Al-Dhahabi reports that ‘Abbad was a Rafidite propagandist, and was awaiting the rise of al-Mahdi in the near future. He used to carry a sword, and once said that he kept his sword ready in order to fight for al-Mahdi46. It is worth mentioning that ‘Abbad held this view before the occultation of the Twelfth Imam in 260/874, since he died in 250/864.47 He reports three Prophetic traditions concerning the Twelfth Imam. Below are two of them:

i) The Prophet is believed to have said, "From my descendants there will be eleven leaders [who will be] noble, receivers of tradition [and] possessed of knowledge, the last of whom will be al-Qa’im bil-­Haqq' who will fill it [i.e. the world] with justice, just as it was filled with tyranny48.

ii) The Prophet is reported to have said: "I and eleven of my descendants and you, O 'Ali, are the axis of the earth, that is, its tent pegs and its mountains. By us Allah has secured the world so that it will not sink with its people. For when the eleventh of my descendants has died the world shall sink with its people without warning49.

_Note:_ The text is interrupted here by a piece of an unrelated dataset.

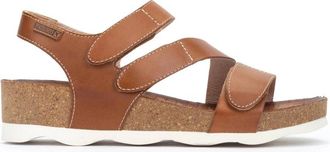 Pikolinos Mahon Platform Sandal - Dames - Sleehakken - Bruin - 36 EU - Leer - Schoenen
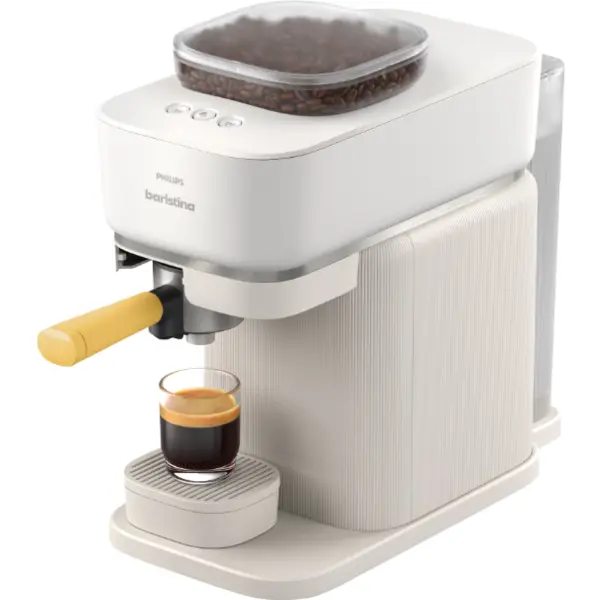 Philips Espressor Philips Baristina BAR300/03, 1500W, 16 bar, 1.2 L, portafiltru, cu functie extra-shot, rasnita ceramica, nivel ideal de macinare, presiune exacta, dozaj precis, tava detasabila, Alb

These traditions along with other sayings predicting the historical circumstances and the signs which would precede the rise of al-Qa’im al-Mahdi were used by the Shi’a in their struggle for power. This can be seen in the events of the general ‘Alid uprising which occurred in 250-1/864-5, when many Shi’ites applied the Prophetic traditions concerning the signs of the rise of al-Qa’im al-Mahdi to the historical circumstances surrounding this revolt. Ibn ‘Uqda (d. 333/944) reports that al-Sadiq said:

A man from the People of the House of the Prophet will rise in arms in Mecca holding a white standard in his hand: the Euphrates will become dry, and, at the same time, a group of people, whose eyes are small, will advance towards you from the East and will force you to leave your houses. Moreover, the graves of your dead will be opened and predatory animals will attack your houses. Afterwards a fair-complexioned man will install a chair in Mecca calling people to curse Ali b. Abi Talib, and killing many people, but he will be killed on the same day.50

According to ‘Ali b. al-Husayn b. al-Qasim al-Kharraz (d. ca. 250/864) all these signs occurred during the revolt of Yahya b. ‘Umar in 250/864. As a result, some Shi’ites, particularly the Jarudiyya, believed that the leader of this revolt, Yahya b. ‘Umar, was himself al-Qa’im al-Mahdi51.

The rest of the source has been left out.